■ **Provided material**:

==*==

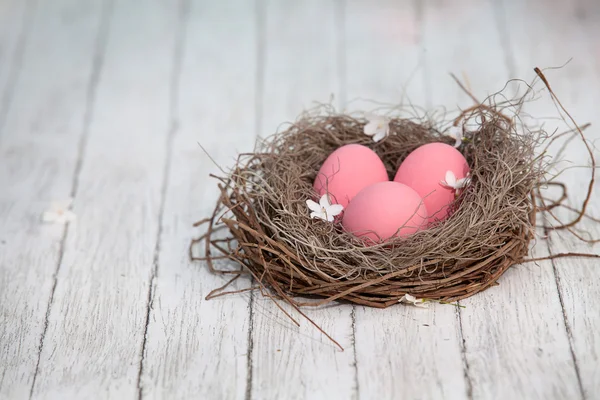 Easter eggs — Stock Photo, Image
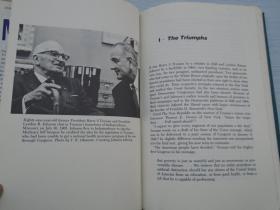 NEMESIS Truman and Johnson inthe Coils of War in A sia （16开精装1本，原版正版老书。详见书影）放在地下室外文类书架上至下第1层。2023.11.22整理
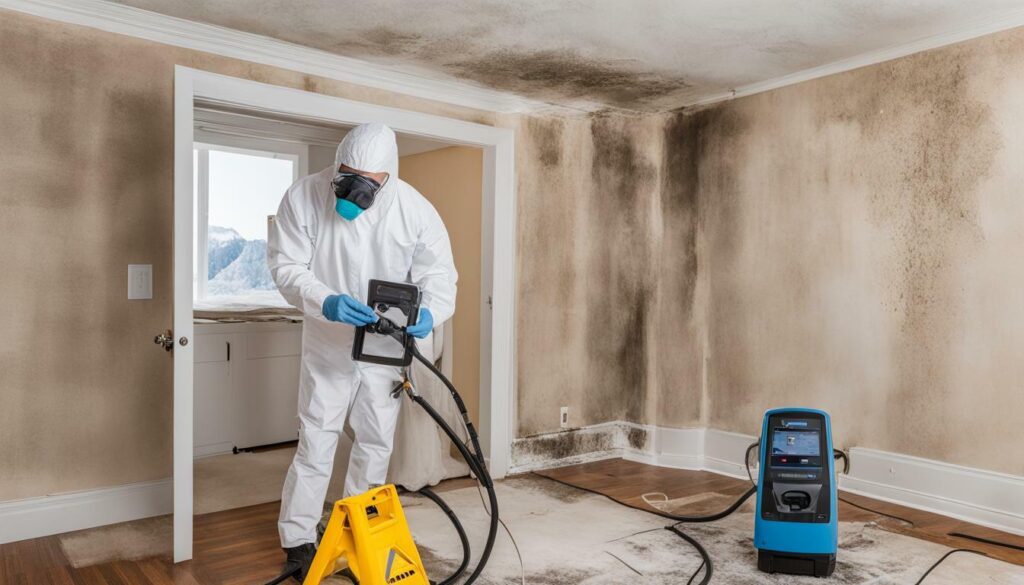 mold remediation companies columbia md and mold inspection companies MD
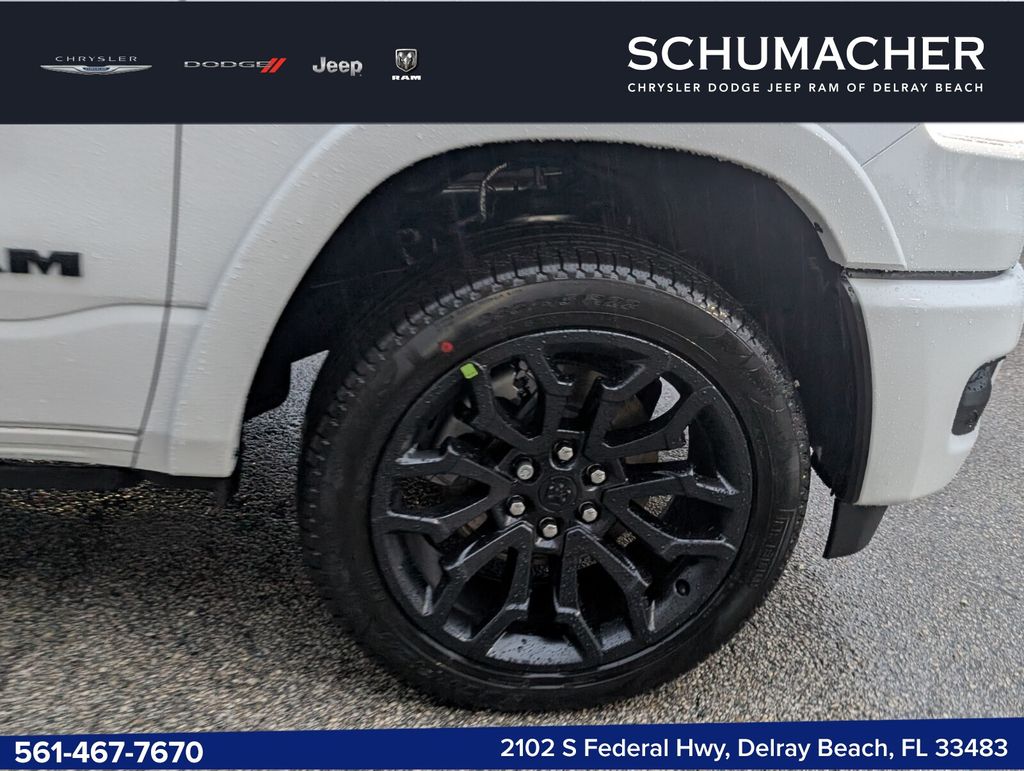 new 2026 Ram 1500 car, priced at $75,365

==*==

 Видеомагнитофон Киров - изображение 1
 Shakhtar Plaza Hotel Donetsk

==*==

■ **Instructions for the task**:
In the material above, the stretch from the line with "Easter eggs — Stock Photo, Image" through the line with "new 2026 Ram 1500 car, priced at $75,365" is to be given again exactly, minus the pictures.

■ **Exercise result**:
 Easter eggs — Stock Photo, Image
 NEMESIS Truman and Johnson inthe Coils of War in A sia （16开精装1本，原版正版老书。详见书影）放在地下室外文类书架上至下第1层。2023.11.22整理
 mold remediation companies columbia md and mold inspection companies MD
 new 2026 Ram 1500 car, priced at $75,365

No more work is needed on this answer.